As KGDH1 could not grow in ASW-YT-S⁰, cells were grown in ASW-YT-Pyr medium, and their cell extracts were examined for amino acid dehydrogenase activity. Neither NAD⁺- nor NADP⁺-dependent GDH activity could be observed, confirming that the TK1431 protein was responsible for these activities (see Table S2 in the supplemental material). In addition, the low levels of activity toward Gln, Ala, Val, and Cys observed in KUW1 cells were not detected in KGDH1 cells, indicating that these activities were dependent on Tk-GDH. This could be a result of Tk-GDH directly recognizing these amino acids and/or the coupling of other enzymes, such as aminotransferases, with Tk-GDH. When the Tk-GDH gene was reintroduced into KGDH1, activities toward Glu, Gln, Ala, Val, and Cys all were restored, further supporting the involvement of Tk-GDH in these activities. On the contrary, the NAD⁺-dependent ThrDH activity was still observed in KGDH1 cells, and we could even observe a slight increase in KGDH1 cells compared to levels observed in KUW1 cells. This indicates that a ThrDH activity, which is independent of Tk-GDH, is present in T. kodakarensis at significant levels. Although low, activity toward Ser was detected specifically in KGDH1 cells. Interestingly, ThrDH activity seems to respond to the presence/absence of Tk-GDH, as the increase observed in KGDH1 cells is no longer observed in KGDH1C cells.

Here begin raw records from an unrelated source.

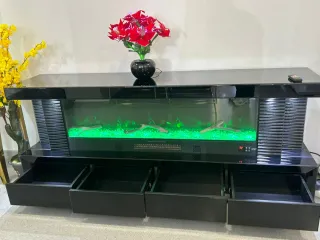 Chimenea eléctrica moderna negra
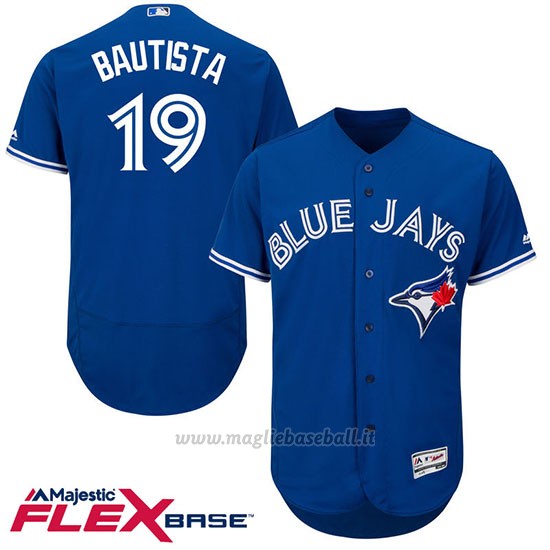 Maglia Baseball Uomo Toronto Blue Jays Jose Bautista 19 Blu Flex Base Autentico Collezione Giocatore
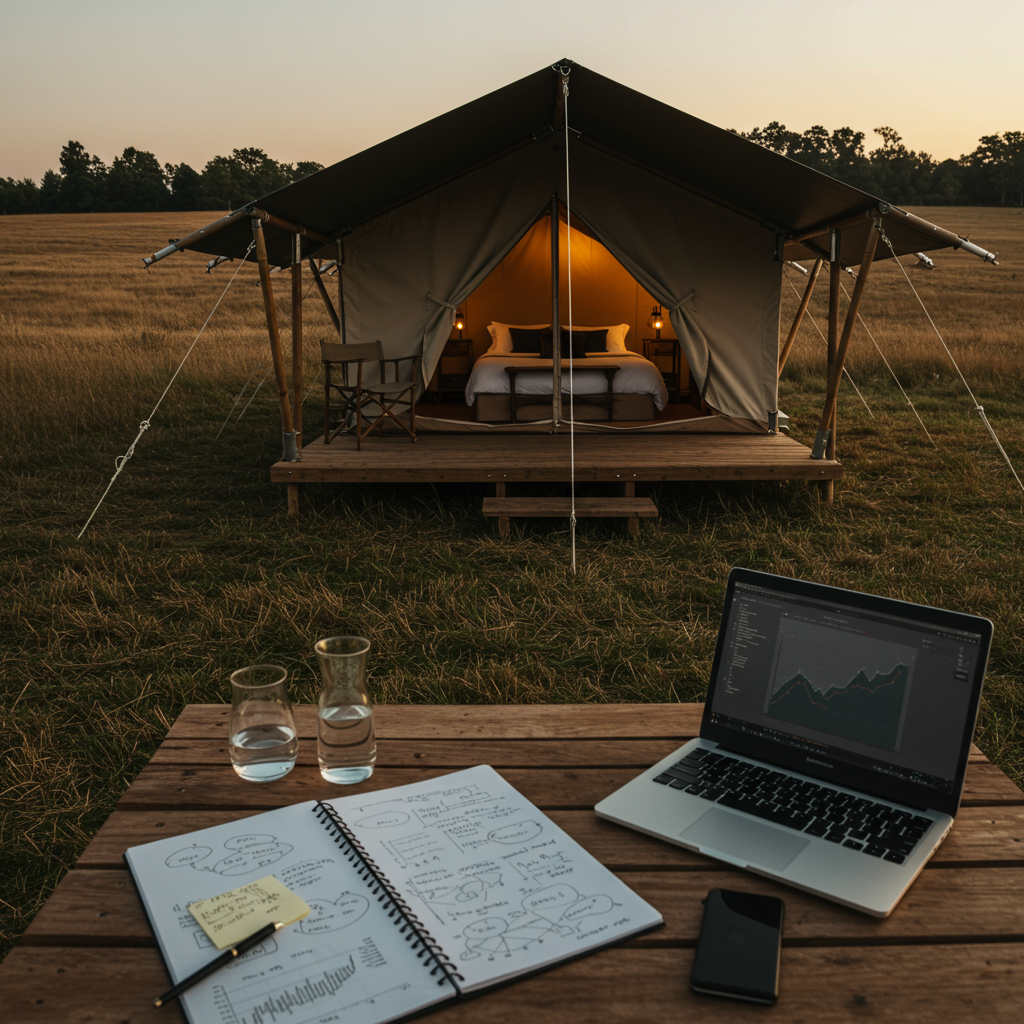 Luxury tent and outdoor workspace in a grassy field.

Disruption of genes encoding OGOR and SCS.

After the initial oxidative deamination of Glu by GDH or aminotransferases, the resulting 2-oxoglutarate is presumed to be converted to succinyl-CoA via the function of OGOR. The OGOR of P. furiosus is encoded by PF1771 (α), PF1772 (β), PF1773 (γ), and PF1767 (δ). Genes in T. kodakarensis that most resemble the P. furiosus OGOR genes are α:TK1125, β:TK1124, γ:TK1123, and δ:TK1131. Succinyl-CoA is further hydrolyzed to succinate and CoA coupled to substrate-level phosphorylation by the function of SCS. An ACS that is specific toward succinyl-CoA and encoded by α:TK1880 and β:TK0943 has previously been identified in T. kodakarensis (40).

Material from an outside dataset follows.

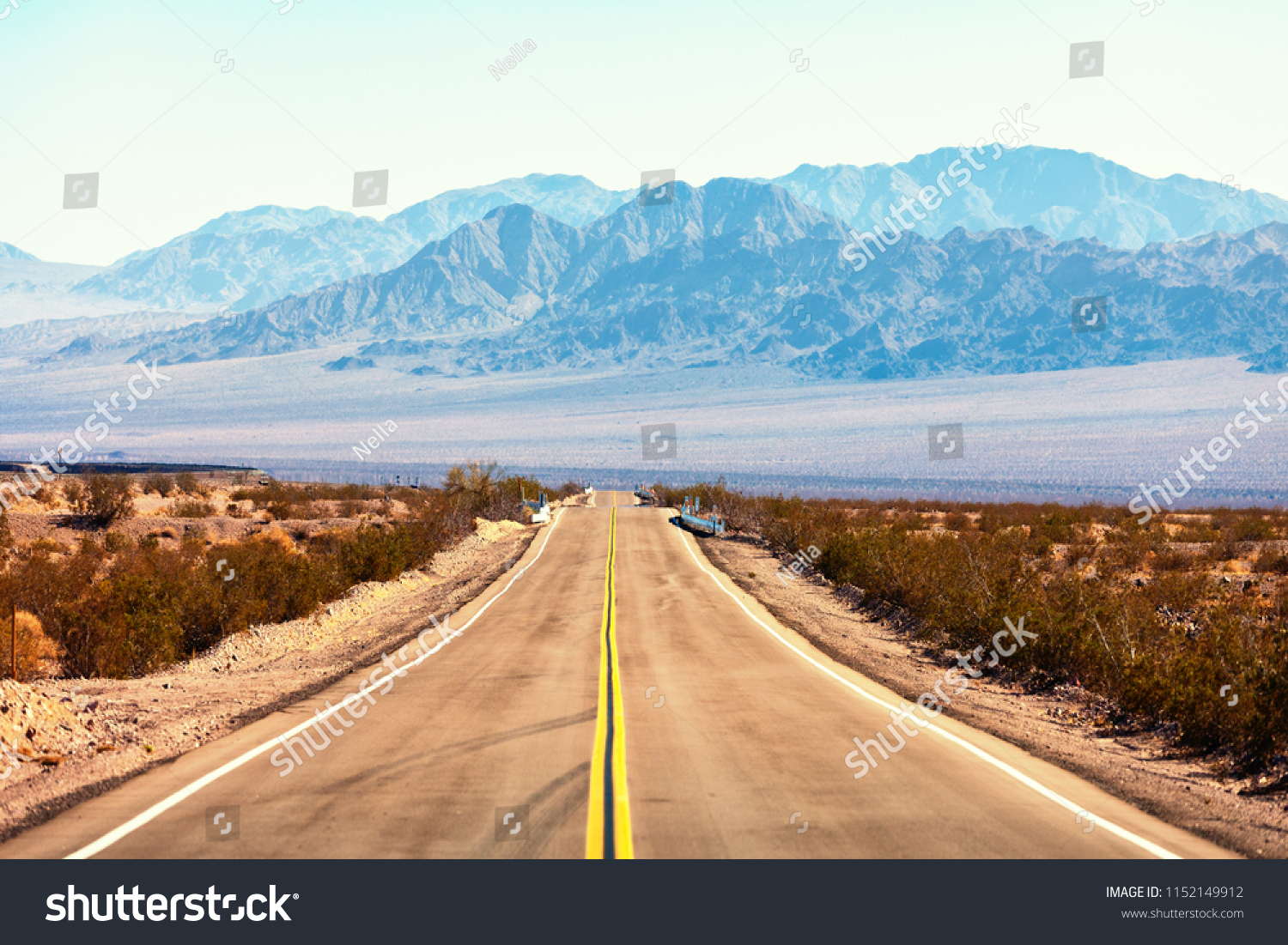 View from the Route 66, Mojave Desert, Southern California, United States. #1152149912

In the case of OGOR, a region, starting from base number 109 of TK1125 and ending in base number 435 of TK1123, was deleted (see Fig. S1 in the supplemental material). The reason the genes were not deleted in their entirety was that TK1125 and TK1123 overlapped with their adjacent genes, TK1126 and TK1122, respectively, and care was taken not to disturb their transcriptional termination. In the case of SCS, the gene did not cluster with other genes, and the entire coding region of TK1880 was deleted from the genome (see Fig. S1). In both cases, T. kodakarensis KU216 was used as the host strain, and selection of the gene disruption strains was performed based on the methods applied for gdh disruption. The Δogor and Δscs strains were designated T. kodakarensis KOGOR1 and KSCS1, respectively.

The growth characteristics of the strains KOGOR1 and KSCS1 were examined in ASW-YT-S⁰ and ASW-YT-Pyr media. In ASW-YT-S⁰ medium, whereas KGDH1 could not grow at all, KOGOR1 and KSCS1 displayed growth (Fig. 2). The specific growth rates and final cell yield, however, were lower than those of T. kodakarensis KUW1. This tendency was also observed in ASW-YT-Pyr medium, with SCS gene disruption leading to slightly greater defects than that of OGOR.

Analyses of consumption and production of metabolites in the growth medium.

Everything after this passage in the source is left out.